As the American food supply industrialized in the late 19th century, a new crop of milk substitutes became available. Their advertisements promised plump, happy babies. Such products were essential for the increasing numbers of women working outside the home, whether in domestic service or in Gilded Age factories that offered no worker protections and certainly no lactation rooms (the technology of pumping was extremely rudimentary at the time, anyway). But the plump infants on their labels notwithstanding, such foods were not necessarily more nutritionally complete than their homemade forebears of previous centuries.

Then there was the problem of cow’s milk—unpasteurized, unrefrigerated, occasionally adulterated, and shipped in open containers prone to contamination. At the turn of the 20th century, according to Jacqueline Wolf’s Don’t Kill Your Baby: Public Health and the Decline of Breastfeeding in the Nineteenth and Twentieth Centuries, Chicago public-health authorities estimated that bottle-fed babies were 15 times more likely to die than their breastfed counterparts. Close to 13 percent of all infants born in the United States died before their first birthday.

In response to the infant-feeding crisis, as Wolf relates, public-health officials spent the first decades of the 20th century cleaning up the milk supply. Pediatricians advised complicated “scientific” approaches to breastfeeding, such as scheduled feedings that inhibited milk supply. Rather than increasing breastfeeding rates, these innovations drove even more parents to bottle-feed. By the late 1960s, notes the historian Amy Bentley, only 20 to 25 percent of babies in the U.S. began their lives breastfeeding. The rest consumed formula, whether mixed at home from ingredients such as condensed milk and corn syrup or in the premixed forms that became commercially available in the 1950s.

Not until the 1960s and 1970s would countercultural movements begin to bring breastfeeding back into vogue. The argument that “breast is best,” taken up by medical and public-health authorities, has profoundly influenced policies on infant feeding in the late 20th and early 21st centuries, even as some research has pushed back against sweeping claims about breastfeeding’s health benefits to children.

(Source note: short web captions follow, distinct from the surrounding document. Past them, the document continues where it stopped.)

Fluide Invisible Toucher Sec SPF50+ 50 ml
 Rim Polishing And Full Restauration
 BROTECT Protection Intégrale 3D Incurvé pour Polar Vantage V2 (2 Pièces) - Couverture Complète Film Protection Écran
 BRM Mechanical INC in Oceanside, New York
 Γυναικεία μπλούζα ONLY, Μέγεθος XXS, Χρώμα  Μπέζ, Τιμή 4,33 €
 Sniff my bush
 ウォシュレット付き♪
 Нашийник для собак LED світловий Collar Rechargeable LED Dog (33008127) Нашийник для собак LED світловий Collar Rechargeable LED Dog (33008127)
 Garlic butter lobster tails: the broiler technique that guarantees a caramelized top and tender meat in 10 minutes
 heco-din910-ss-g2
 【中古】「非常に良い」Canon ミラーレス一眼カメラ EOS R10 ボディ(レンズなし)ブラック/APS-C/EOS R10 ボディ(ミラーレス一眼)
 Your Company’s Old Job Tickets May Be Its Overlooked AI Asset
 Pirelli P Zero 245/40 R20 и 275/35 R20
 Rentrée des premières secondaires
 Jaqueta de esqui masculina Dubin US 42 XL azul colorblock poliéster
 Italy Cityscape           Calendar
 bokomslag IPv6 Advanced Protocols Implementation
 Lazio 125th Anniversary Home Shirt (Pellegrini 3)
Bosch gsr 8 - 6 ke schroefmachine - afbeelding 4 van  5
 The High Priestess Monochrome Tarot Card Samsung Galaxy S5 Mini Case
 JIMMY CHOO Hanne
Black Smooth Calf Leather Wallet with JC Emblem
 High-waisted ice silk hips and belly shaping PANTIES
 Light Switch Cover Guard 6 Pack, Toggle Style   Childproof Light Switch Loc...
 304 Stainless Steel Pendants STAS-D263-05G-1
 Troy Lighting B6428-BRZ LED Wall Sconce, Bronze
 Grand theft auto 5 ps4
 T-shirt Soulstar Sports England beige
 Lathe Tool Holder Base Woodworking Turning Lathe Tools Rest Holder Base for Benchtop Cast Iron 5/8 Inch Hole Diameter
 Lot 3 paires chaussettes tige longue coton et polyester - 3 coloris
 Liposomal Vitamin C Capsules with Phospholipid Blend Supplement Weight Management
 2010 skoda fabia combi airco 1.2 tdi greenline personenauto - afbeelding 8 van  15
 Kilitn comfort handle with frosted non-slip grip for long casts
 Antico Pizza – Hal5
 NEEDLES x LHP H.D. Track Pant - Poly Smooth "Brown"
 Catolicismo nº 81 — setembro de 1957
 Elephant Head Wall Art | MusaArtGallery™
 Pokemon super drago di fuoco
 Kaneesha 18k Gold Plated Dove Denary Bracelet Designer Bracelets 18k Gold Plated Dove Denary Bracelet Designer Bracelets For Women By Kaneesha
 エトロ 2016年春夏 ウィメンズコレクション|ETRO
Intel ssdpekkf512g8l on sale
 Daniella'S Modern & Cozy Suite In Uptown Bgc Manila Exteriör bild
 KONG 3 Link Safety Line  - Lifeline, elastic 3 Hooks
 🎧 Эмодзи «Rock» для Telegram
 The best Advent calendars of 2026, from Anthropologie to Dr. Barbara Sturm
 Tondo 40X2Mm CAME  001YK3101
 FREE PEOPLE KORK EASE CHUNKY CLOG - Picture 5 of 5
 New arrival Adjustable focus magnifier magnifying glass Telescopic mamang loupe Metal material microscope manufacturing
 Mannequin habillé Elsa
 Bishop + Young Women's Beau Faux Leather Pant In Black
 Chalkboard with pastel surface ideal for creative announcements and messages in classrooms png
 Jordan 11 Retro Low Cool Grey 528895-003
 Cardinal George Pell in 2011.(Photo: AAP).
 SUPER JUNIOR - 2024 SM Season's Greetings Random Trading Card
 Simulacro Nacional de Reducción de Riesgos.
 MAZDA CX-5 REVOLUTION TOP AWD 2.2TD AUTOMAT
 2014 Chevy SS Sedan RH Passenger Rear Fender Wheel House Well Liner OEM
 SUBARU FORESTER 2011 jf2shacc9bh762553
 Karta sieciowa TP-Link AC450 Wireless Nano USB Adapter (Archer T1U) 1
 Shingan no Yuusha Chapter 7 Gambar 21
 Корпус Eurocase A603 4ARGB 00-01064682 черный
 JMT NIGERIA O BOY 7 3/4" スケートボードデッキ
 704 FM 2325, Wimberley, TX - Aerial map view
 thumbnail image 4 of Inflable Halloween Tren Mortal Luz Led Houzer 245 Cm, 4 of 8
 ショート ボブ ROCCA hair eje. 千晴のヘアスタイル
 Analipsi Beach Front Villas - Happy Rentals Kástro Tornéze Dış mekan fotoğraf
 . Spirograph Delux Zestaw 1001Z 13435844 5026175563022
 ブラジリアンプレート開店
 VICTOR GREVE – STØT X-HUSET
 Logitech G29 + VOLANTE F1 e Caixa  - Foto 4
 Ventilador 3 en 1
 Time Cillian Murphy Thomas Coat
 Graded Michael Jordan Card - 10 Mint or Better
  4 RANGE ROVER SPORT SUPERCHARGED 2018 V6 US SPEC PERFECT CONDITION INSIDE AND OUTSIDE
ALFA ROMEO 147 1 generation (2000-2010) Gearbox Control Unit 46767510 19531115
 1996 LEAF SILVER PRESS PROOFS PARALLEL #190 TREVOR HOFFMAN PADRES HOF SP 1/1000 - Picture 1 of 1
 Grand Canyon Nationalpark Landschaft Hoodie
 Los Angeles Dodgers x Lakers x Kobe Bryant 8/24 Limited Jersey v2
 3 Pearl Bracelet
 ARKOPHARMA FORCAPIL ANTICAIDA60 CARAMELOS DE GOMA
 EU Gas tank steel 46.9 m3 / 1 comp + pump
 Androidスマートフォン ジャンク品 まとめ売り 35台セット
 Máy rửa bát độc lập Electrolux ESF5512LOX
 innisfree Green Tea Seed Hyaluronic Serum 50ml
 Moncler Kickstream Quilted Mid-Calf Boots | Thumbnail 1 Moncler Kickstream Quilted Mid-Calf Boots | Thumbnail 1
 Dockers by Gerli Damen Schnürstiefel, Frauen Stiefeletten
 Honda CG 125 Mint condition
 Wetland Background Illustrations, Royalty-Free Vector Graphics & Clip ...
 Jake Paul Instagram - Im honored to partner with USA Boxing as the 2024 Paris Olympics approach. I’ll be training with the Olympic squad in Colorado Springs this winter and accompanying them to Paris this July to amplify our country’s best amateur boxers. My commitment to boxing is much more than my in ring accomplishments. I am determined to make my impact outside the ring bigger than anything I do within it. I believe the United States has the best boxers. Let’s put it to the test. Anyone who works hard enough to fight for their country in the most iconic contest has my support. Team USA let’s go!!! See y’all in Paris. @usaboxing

Today in the United States, 84 percent of babies start breastfeeding at birth, though only 25.8 percent continue to exclusively breastfeed through six months of age as the CDC recommends. Disparities in breastfeeding rates reflect larger race and class disparities, with higher breastfeeding rates among wealthy white women.

The United States could, and should, do far more to support new parents. Policies such as paid family leave would enable more parents to breastfeed and to sustain breastfeeding for longer, if they so choose. But even if this country had the best social support system in the world, some families would still need or want to use formula.

The history of infant feeding before modern formula should caution us against gloating, as some have on social media, that the formula shortage will drive more parents to breastfeed. The past offers us a grim warning: Without safe, nutritionally complete alternatives to breast milk, infants will die.

The formula shortage is not a victory for breastfeeding. It is a calamity for families who, like families throughout history, just want to feed their children.